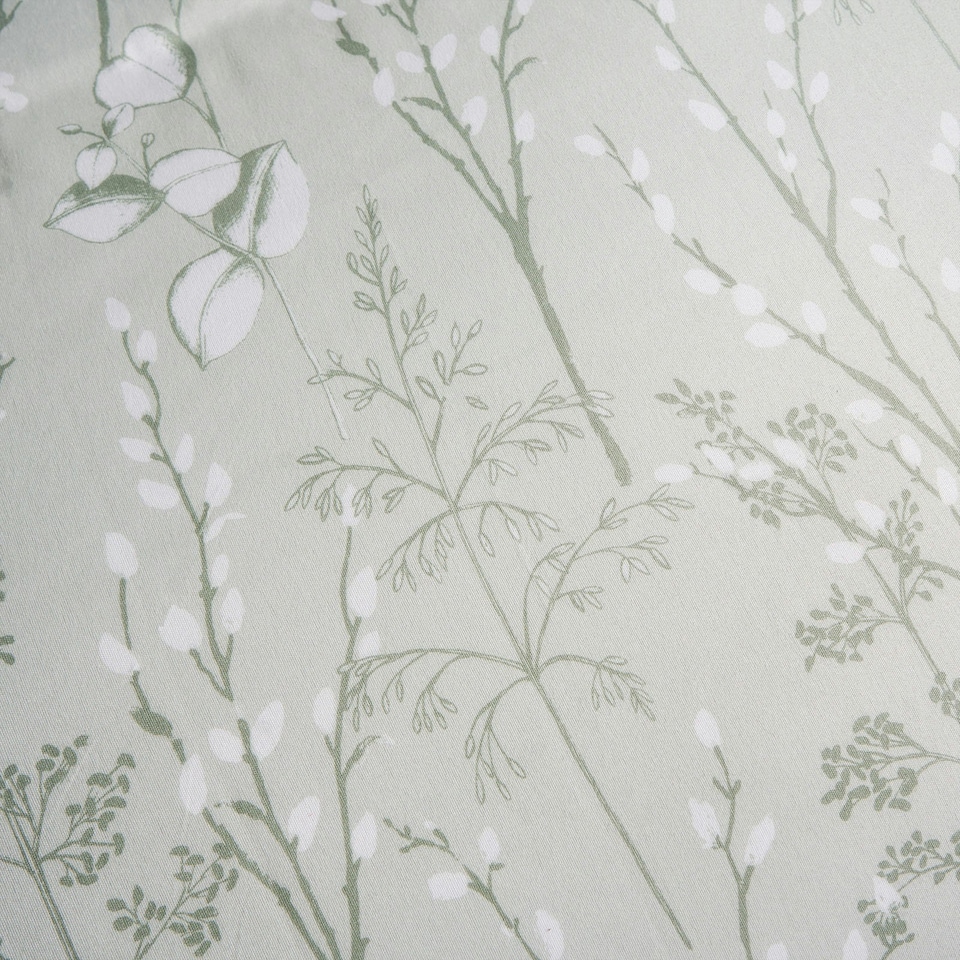 image 1 of OHS Willow Print Reversible Duvet Cover and Pillowcase Set, King - Sage Green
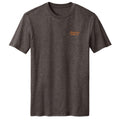 The Workhorse Tee by American Cattle Co is a vintage-style, plain dark gray short-sleeve shirt with “American Cattle Co” in small orange script on the left chest—perfect for everyday wear.
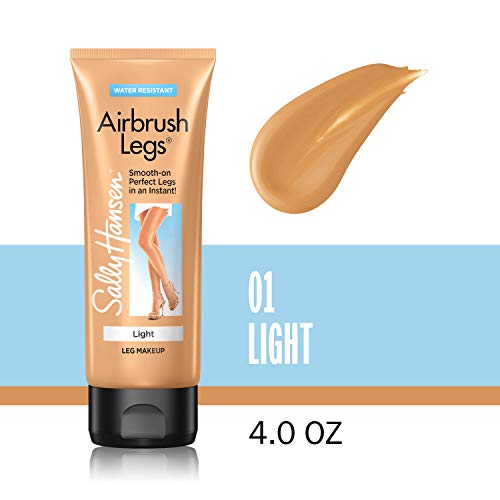 Sally Hansen Airbrush Legs Maquillaje para piernas Loción Tono 001 Muy Claro - 118 ml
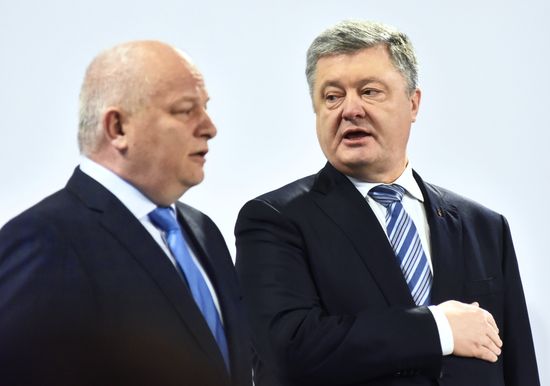 Предвыборная поездка П. Порошенко во Львовскую область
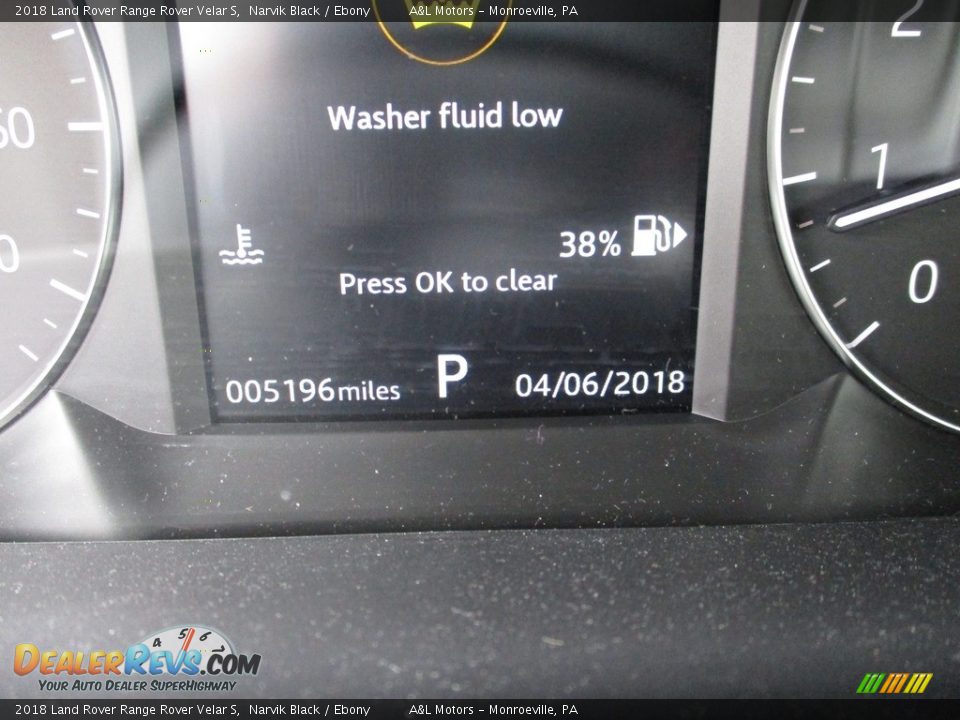 2018 Land Rover Range Rover Velar S Narvik Black / Ebony Photo #20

**********

* _WORK INSTRUCTION_:
For this exercise, write out the listing verbatim and leave every image out.

* _OUTPUT FOR THIS TASK_:
 image 1 of OHS Willow Print Reversible Duvet Cover and Pillowcase Set, King - Sage Green
 The Workhorse Tee by American Cattle Co is a vintage-style, plain dark gray short-sleeve shirt with “American Cattle Co” in small orange script on the left chest—perfect for everyday wear.
 Sally Hansen Airbrush Legs Maquillaje para piernas Loción Tono 001 Muy Claro - 118 ml
 Предвыборная поездка П. Порошенко во Львовскую область
 2018 Land Rover Range Rover Velar S Narvik Black / Ebony Photo #20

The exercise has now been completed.